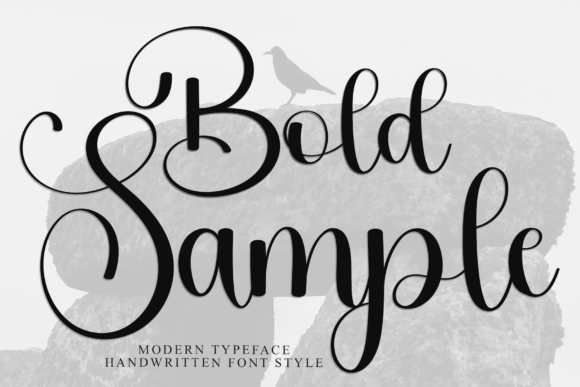 Bold Sample: The Festive Typeface for Scroll-Stopping Campaigns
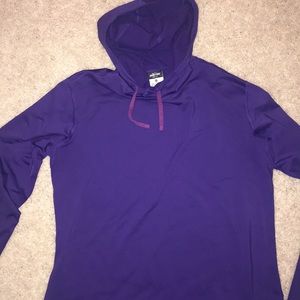 nike pro dry fit hooded pullover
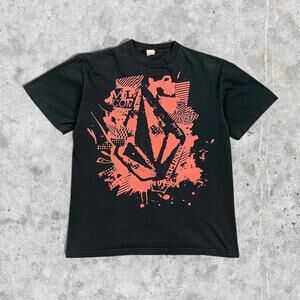 2000's Faded Volcom Graphic T-Shirt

## EXERCISE OBJECTIVE:
When you copy the listing above, reproduce every line exactly and skip the images.

## REPLY TO THE EXERCISE:
 Bold Sample: The Festive Typeface for Scroll-Stopping Campaigns
 nike pro dry fit hooded pullover
 2000's Faded Volcom Graphic T-Shirt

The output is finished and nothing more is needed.